Sempre fico na dúvida entre o calar ou o falar (escrever)... Tem gente escrevendo a todo instante e a "democracia" internetiana me faz sentir uma preguiça em replicar opiniões que brotam como cogumelos pós-chuva!
Mas, vamos lá... A vida é essa, à margem ou não, executando um réquiem ou funk nos dias em que não seremos mais...
Sempre pensei que o melhor do teatro era o público poder interagir (ou fruir) como quisesse. Deixe o público ser livre. Sei bem da impossibilidade de se definir liberdade, público ou mesmo deixar!... Mas o caminho da relativização não aponta escapatória em seu próprio caminho.

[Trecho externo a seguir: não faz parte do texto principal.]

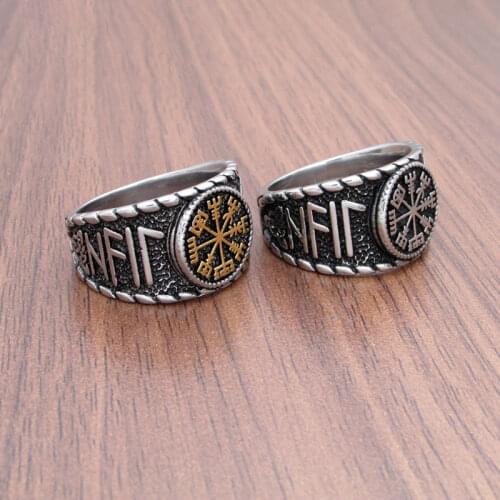 Slavic Compass Rings for Men Retro Viking Compass Amulet Ring Trend Casual Party Jewelry Gift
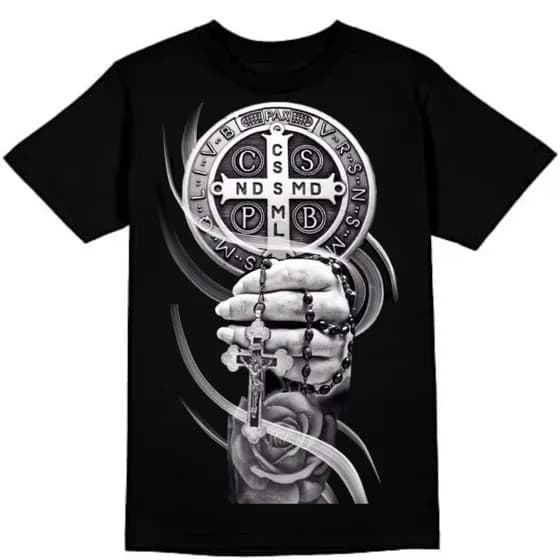 Camiseta camisa infantil e Adulto  unissex Medalha de São Bento 100% Algodão Envio Imediato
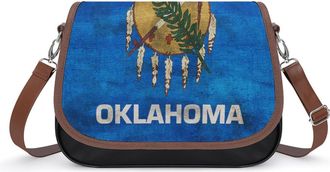 Generic Vintage Oklahoma Flag Womens Crossbody Bag Fashion Shoulder Handbags Message Tote Bag with Adjustable Strap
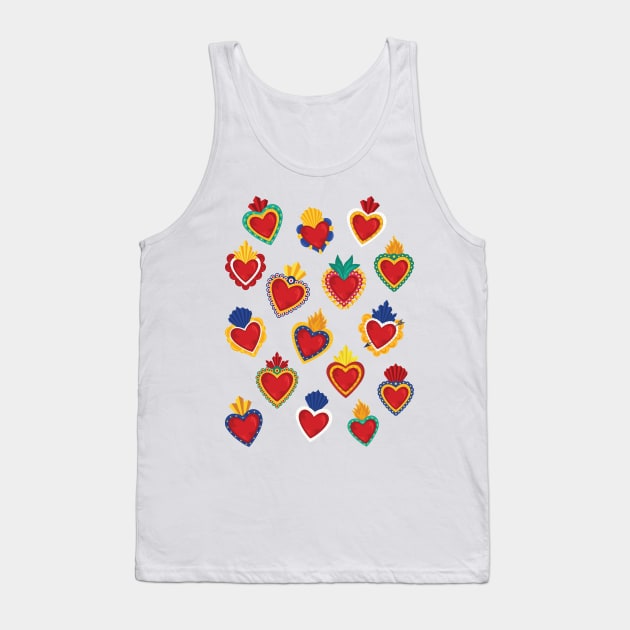 Mexican Sacred Hearts by Akbaly Tank Top by Akbaly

Assusta-me ver artistas adjetivando o público como IDIOTAS ou sem formação intelectual (que porra é essa?), ou de impiedosos iconoclastas da tragédia... O teatro não tem o público como inimigo. Sou um pouco avesso a elucubrações, mas não me furtarei de uma: acredito no teatro como comunhão e nesse espaço cabem tantos os que riem, como os que choram, os que não sentem nada, os que levantam, os que aplaudem, os que vaiam... Todos. Difícil é aceitar alguém rir durante uma cena dramática, mesmo que o ator esteja vestido com capa de chuva e uma nuvem soltando um raio como aureola e dizendo o texto mal-humoradamente...

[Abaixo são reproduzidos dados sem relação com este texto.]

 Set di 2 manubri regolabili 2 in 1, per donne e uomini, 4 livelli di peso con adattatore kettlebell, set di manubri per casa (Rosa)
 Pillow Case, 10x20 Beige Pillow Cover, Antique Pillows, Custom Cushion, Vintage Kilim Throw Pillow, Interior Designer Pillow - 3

Nem todos sabemos o que quer o público quando este sai de casa para ver uma peça. Eu julgo excepcional que ainda exista quem queira e se disponha a isso hoje. Tentar adivinhar parece mais papel de mães Dinah do que de artistas. Ainda sobre elucubrações, pelos comentários acima, intuo que estejamos mais preocupados em espezinhar o público do que com arte se materializando diante de nós.
O próprio Chiquinho Medeiros falou outro dia sobre como ele se sentiu aliviado qdo uma mulher riu em uma cena do espetáculo O pupilo quer ser Tutor. Palavras dele: “finalmente alguém que via a possibilidade do cômico naquela situação”. Veja... Não é mágico o teatro (ou as artes) justamente por isso?

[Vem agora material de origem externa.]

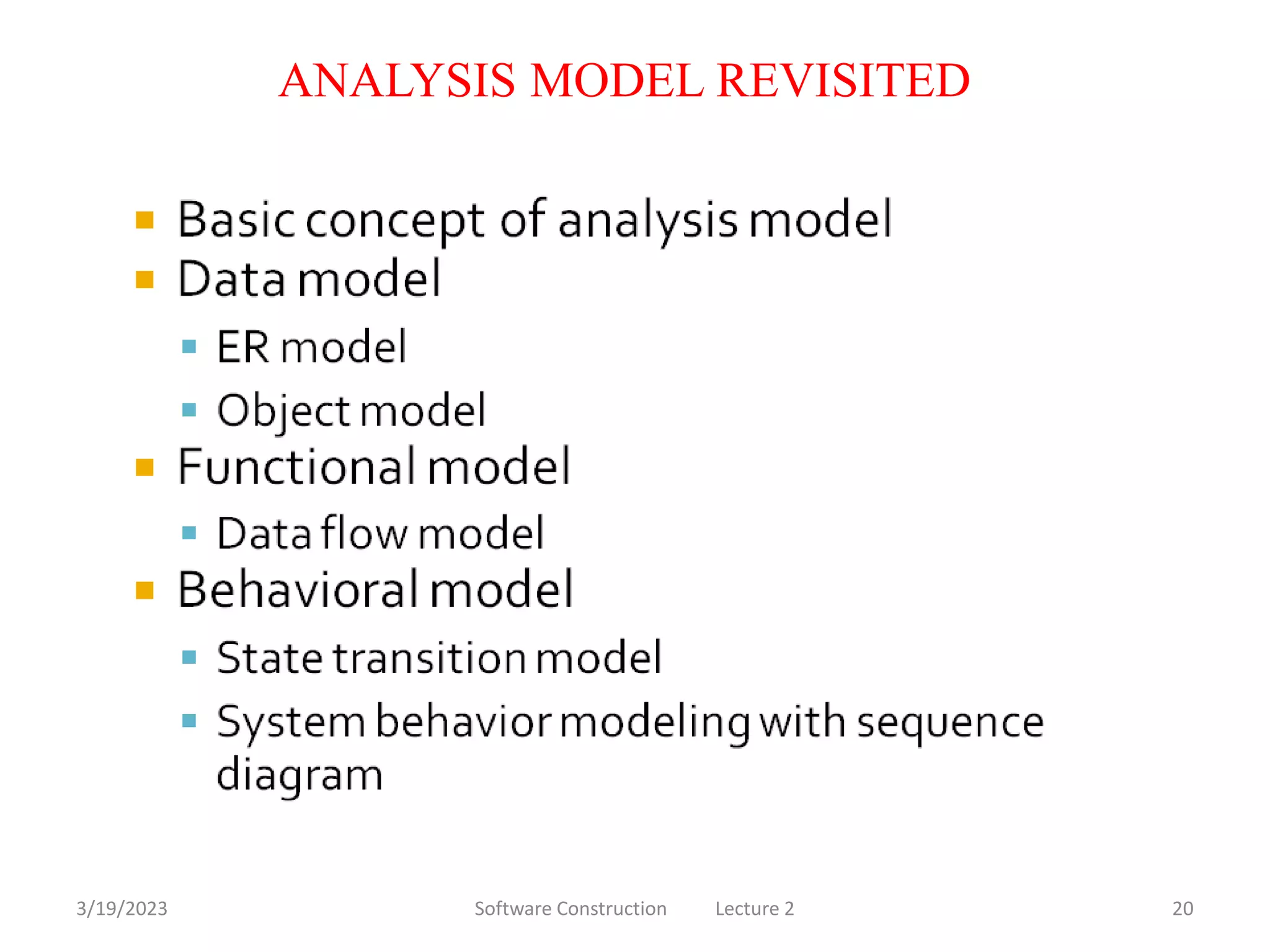 3/19/2023 Software Construction Lecture 2 20
ANALYSIS MODEL REVISITED
 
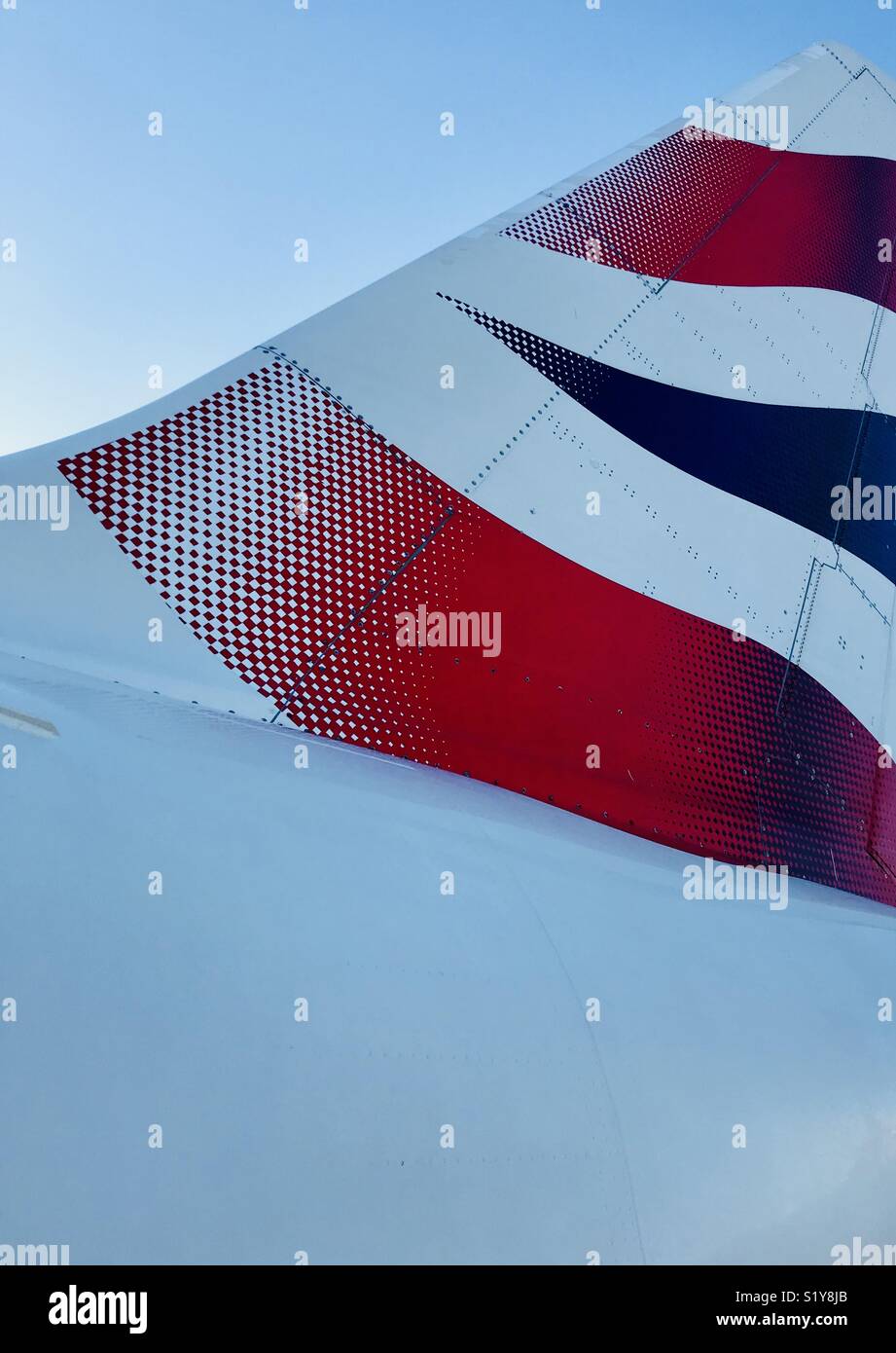 Pinna di coda di un British Airways jet Foto Stock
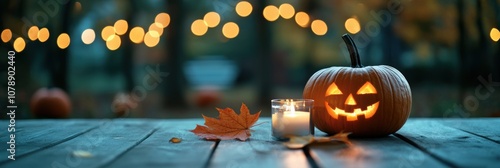 Halloween holiday carved pumpkin closeup view photo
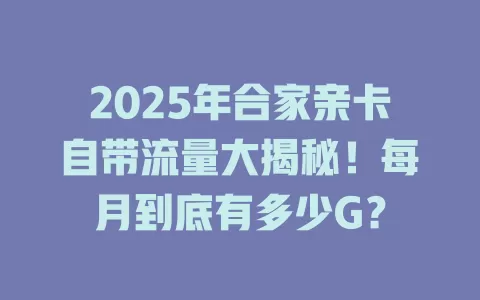 2025年合家亲卡自带流量大揭秘！每月到底有多少G？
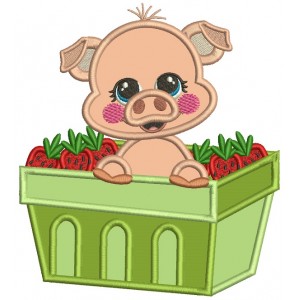 Cute Little Pig Sitting Inside a Basket Filled With Strawberries Applique Machine Embroidery Design Digitized Pattern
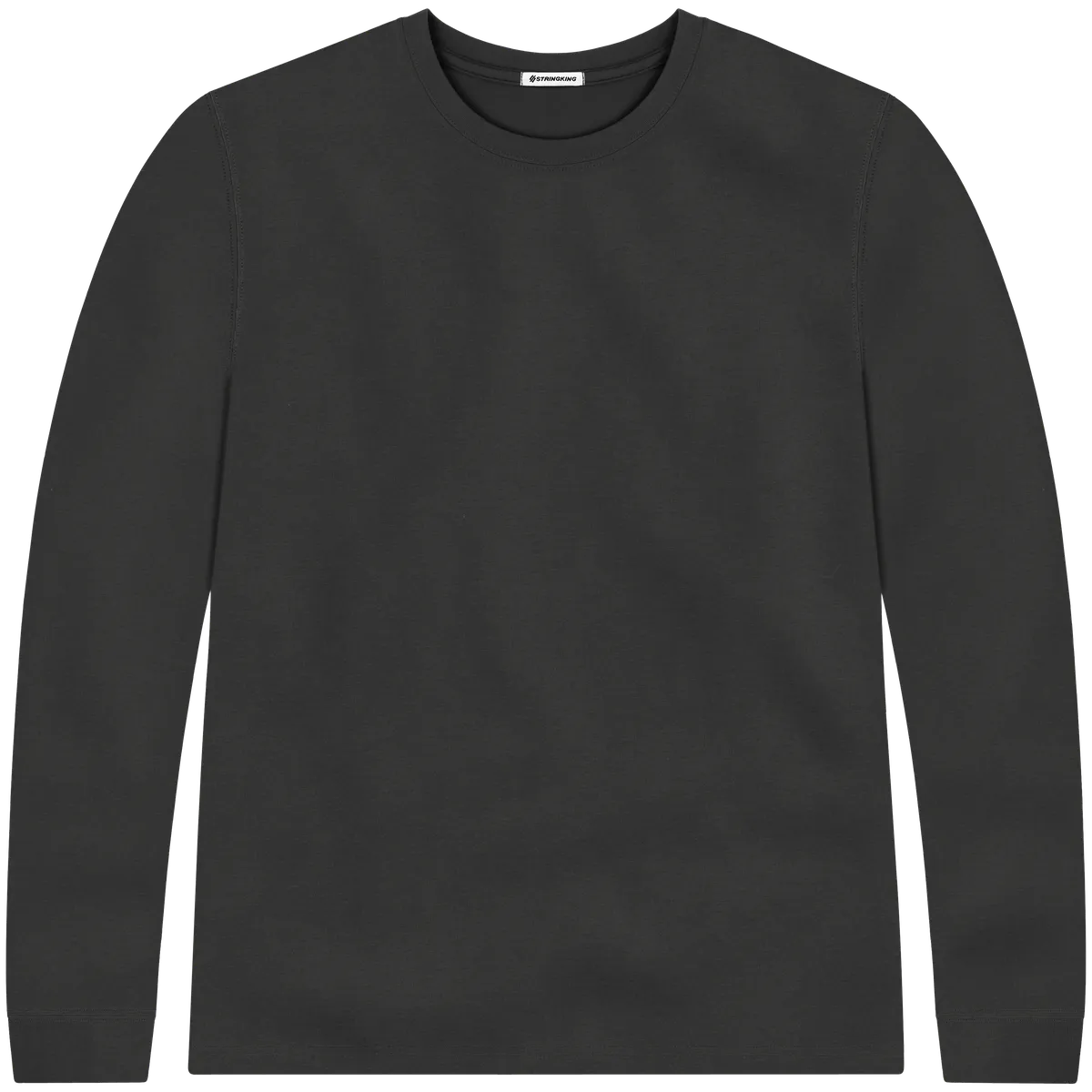StringKing Men's Pima Jersey Long Sleeve Tee - Sharp Fit, Black, Front
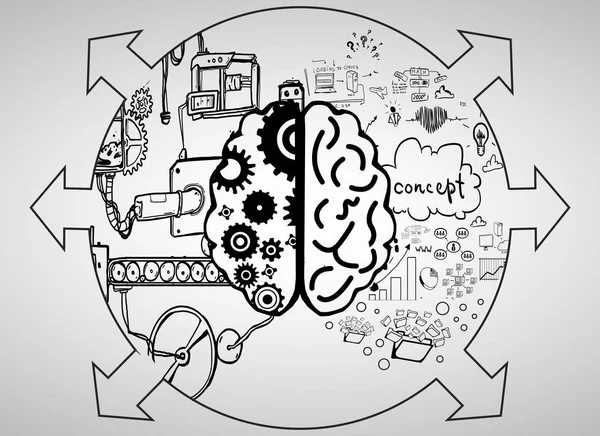 Yaratıcı iş beyin fırtınası kroki gri duvar. Başarı kavramı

Não temo pela morte de nenhuma arte, nem do teatro. Bobagens escatológicas que me parecem tipicamente humanas. Não acredito muito nessas fronteiras: tragédia, drama, comédia e o caralho a quatro. O mundo em paredes para melhor compreensão...
Sempre acho que cagar regra faz feder.
E, para não me furtar de opinar sobre as duas peças, que assisti:
Zoológico de Vidro é insuportavelmente chata. E reforçou a minha desconfiança com Tennessee Williams (produto americano supervalorizado) e com a Cássia Kiss, não sabendo o que fazer em cena, faça um tipo ridículo que sempre dá liga!
E Réquiem... Bem... Faço o contrário das suas palavras: é um espetáculo que se deve evitar!
E nisso consiste a máquina do mundo: não concordamos o que não quer dizer nada. São os dias que passam!
Há braços

Anônimo disse...

vimos a mesma peça, querido, e eu também me senti incomodada com o tom da atriz... mas, como vc mesmo constatou, as pessoas querem gargalhar... saem de casa para isso e se o texto for uma tragédia, pouco importa para elas... triste, né? bjs! Erika

Só no blog disse...

Carlos e Erika, muito obrigado pela visita. O que eu achei mais interessante, neste post, é que ele deu a liberdade para que a gente pudesse dizer o que sente pelo teatro que vemos hoje. E, pelo tom e seriedade dos comentários, percebo que é um assunto que merece o carinho de todos e as discordâncias são sempre bem-vindas. Abração para vocês.